* What you should do
Copying starts at the line containing "Portable Toilet Gel" and stops after the last line of the records; each line is repeated exactly, and pictures are skipped.

Captioned web images:
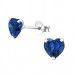 Silver Heart 6mm Ear Studs with Cubic Zirconia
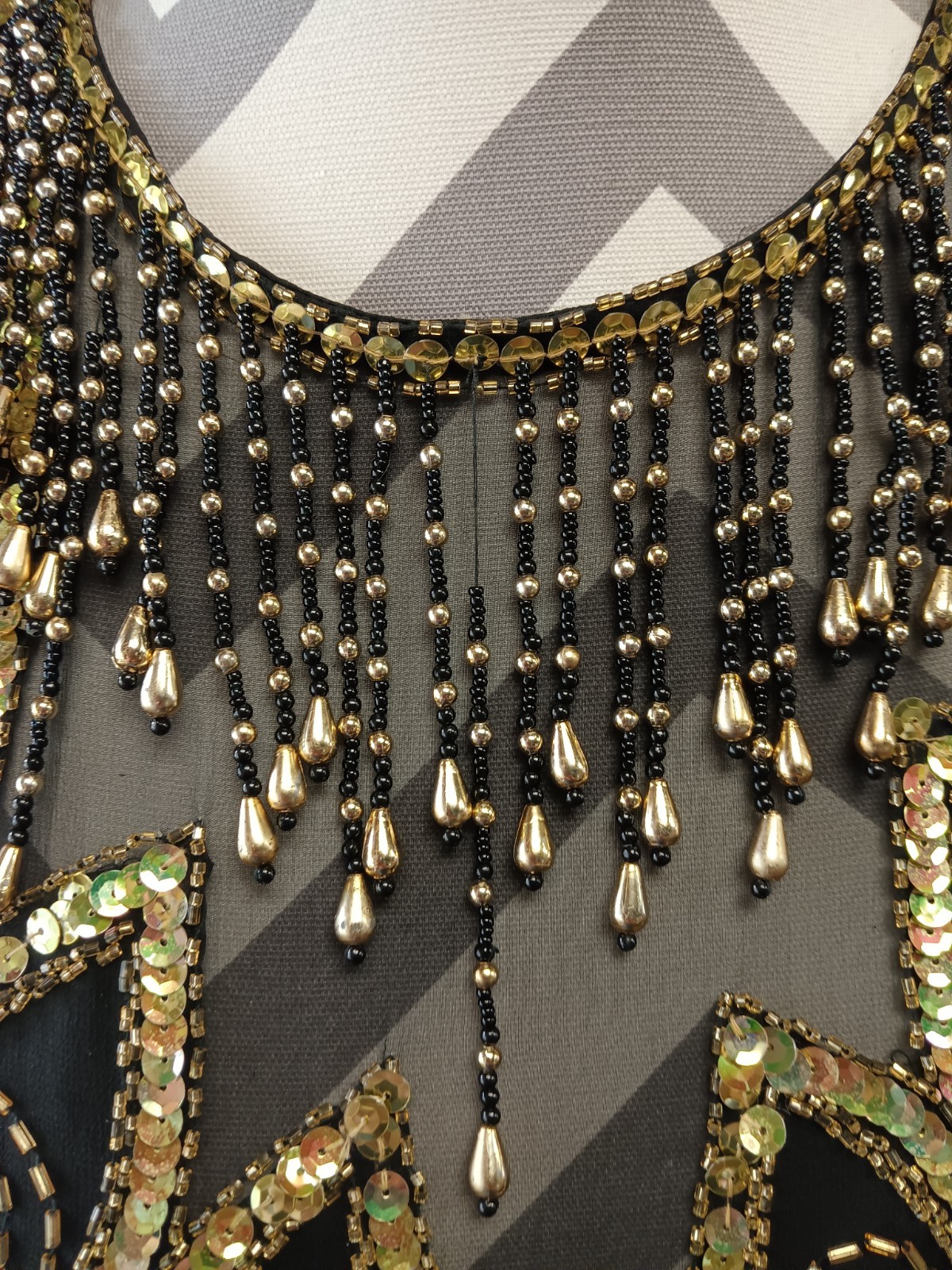 Lillie Rubin Vintage Black Gold Beaded Sequin Semi-Open Back Silk Dress Size 6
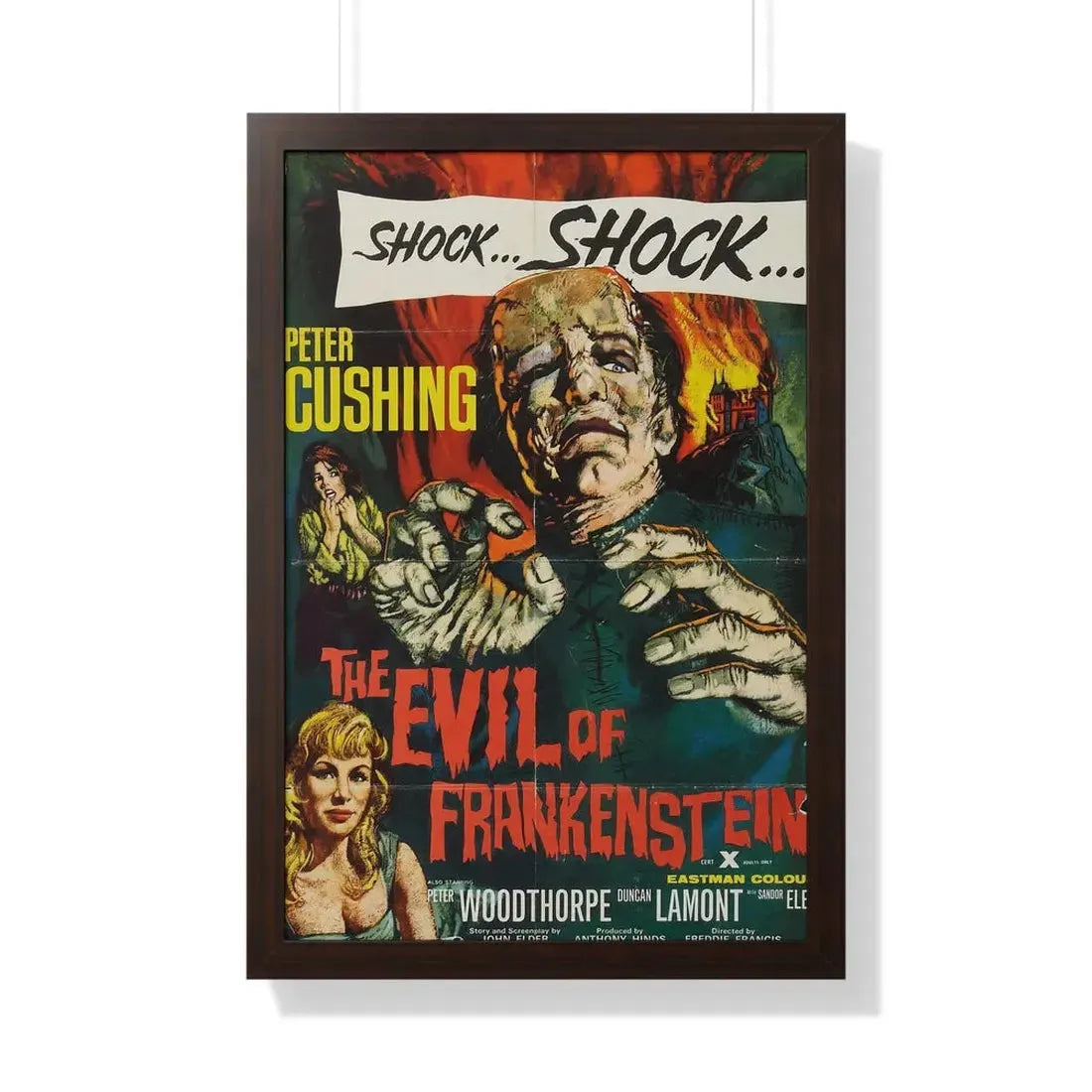 THE EVIL OF FRANKENSTEIN 1964 - Framed Movie Poster 20" x 30" Walnut - The Sticker Space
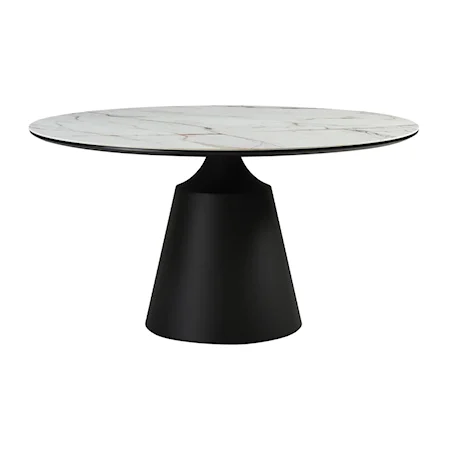 Transitional Round Dining Table with Stone Top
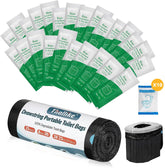 Portable Toilet Gel Set - 8-Gallon Drawstring Bags w/Absorbent Gel, Disposable Seat, Compostable Thickening Bags for Camping/Hiking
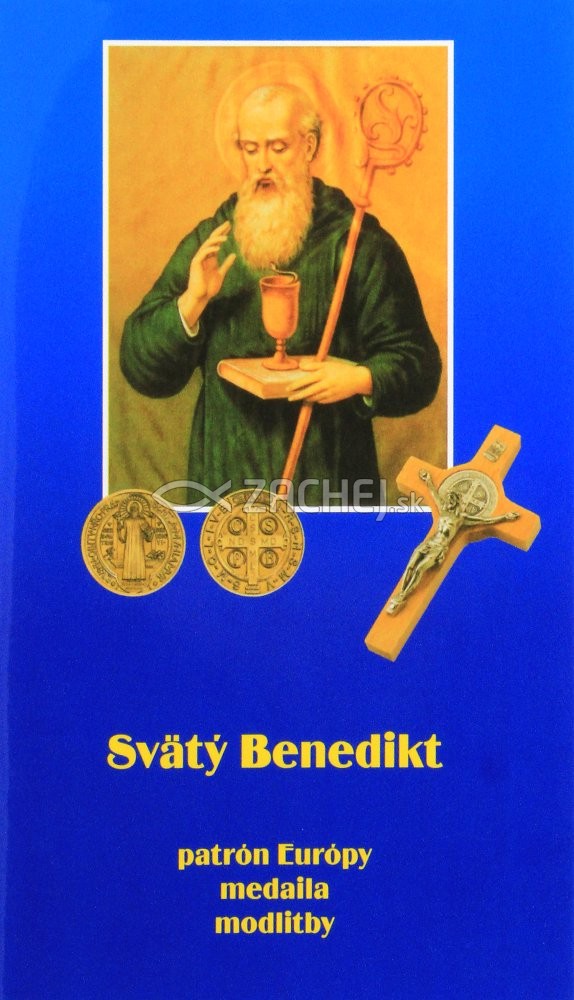 Svätý Benedikt, patrón Európy - medaila, modlitby | Tynieckí benediktíni | 2,00 € - obrázok Svätý Benedikt, patrón Európy - medaila, modlitby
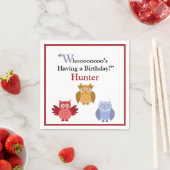 Woodland Animals Name Modern Birthday Party Paper Servet (Insitu)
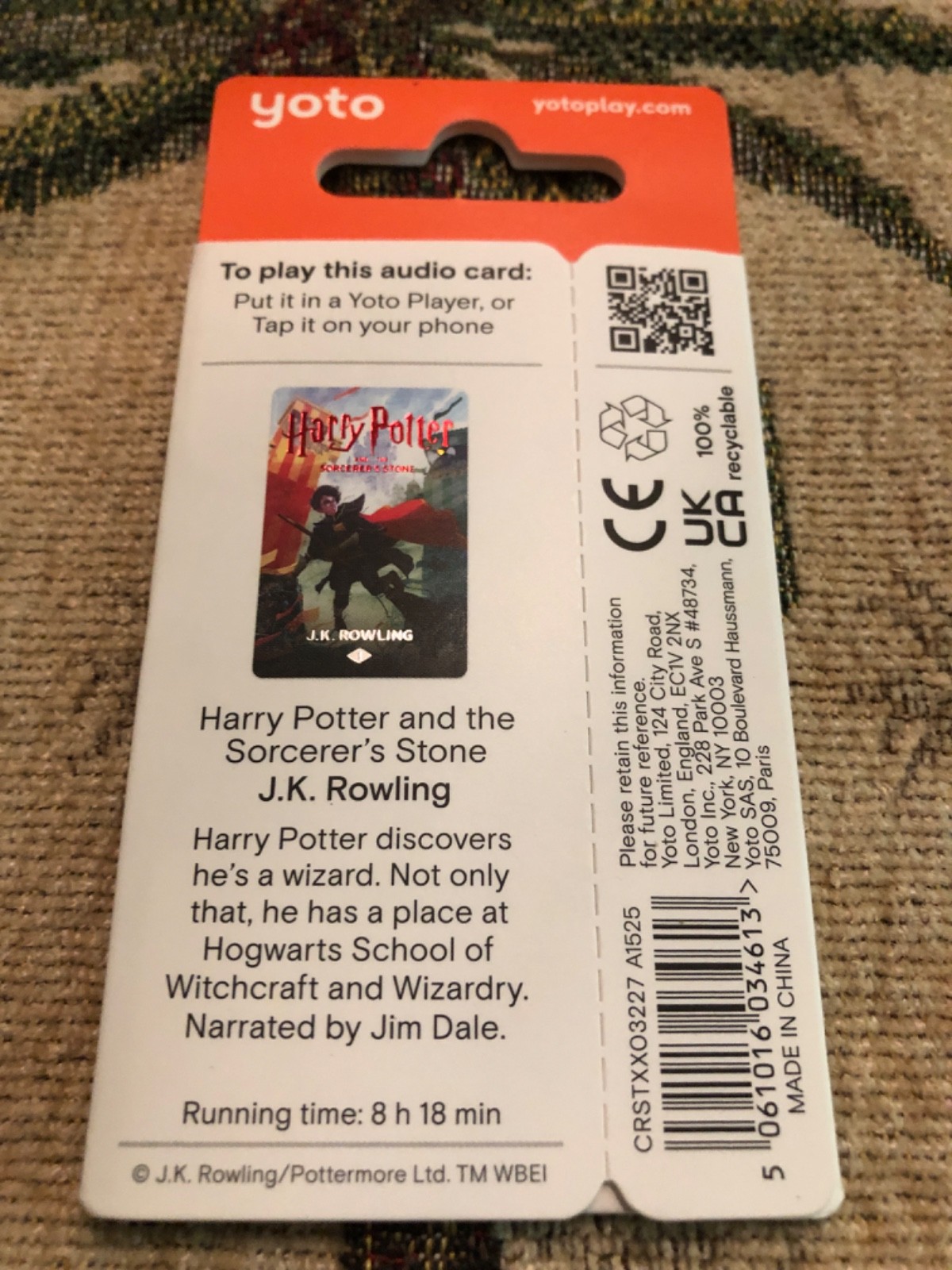 Yoto Harry Potter and the Sorcerer’s Stone Audio Card A5024 New/Sealed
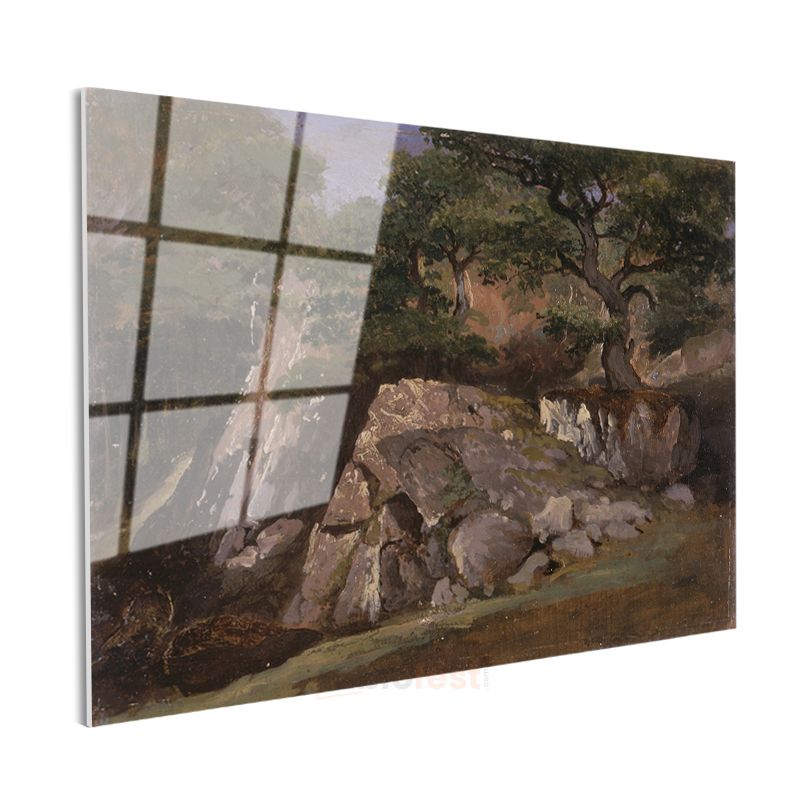 Jean-Baptiste-Camille Corot - Kayalık Manzara Cam Tablo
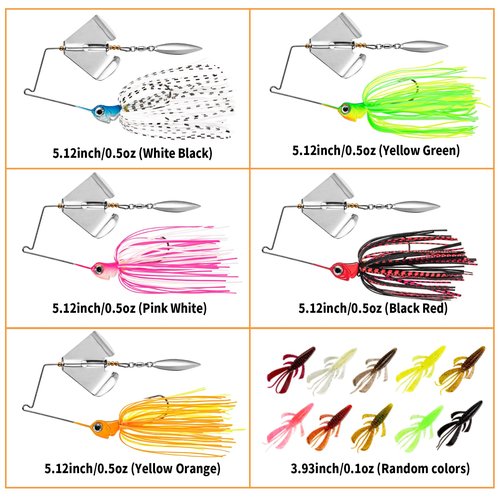 TOEWSN Premium Bass Fishing Buzzbait Kit - 3-in-1 Spinner Baits, Multicolor Topwater Swimbaits & Hard Metal Lures for Bass, Pike & Trout + 10pc Swamp Monster Rage Bug Baits (Small)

* Task solution
 Portable Toilet Gel Set - 8-Gallon Drawstring Bags w/Absorbent Gel, Disposable Seat, Compostable Thickening Bags for Camping/Hiking
 Svätý Benedikt, patrón Európy - medaila, modlitby | Tynieckí benediktíni | 2,00 € - obrázok Svätý Benedikt, patrón Európy - medaila, modlitby
 Woodland Animals Name Modern Birthday Party Paper Servet (Insitu)
 Yoto Harry Potter and the Sorcerer’s Stone Audio Card A5024 New/Sealed
 Jean-Baptiste-Camille Corot - Kayalık Manzara Cam Tablo
 TOEWSN Premium Bass Fishing Buzzbait Kit - 3-in-1 Spinner Baits, Multicolor Topwater Swimbaits & Hard Metal Lures for Bass, Pike & Trout + 10pc Swamp Monster Rage Bug Baits (Small)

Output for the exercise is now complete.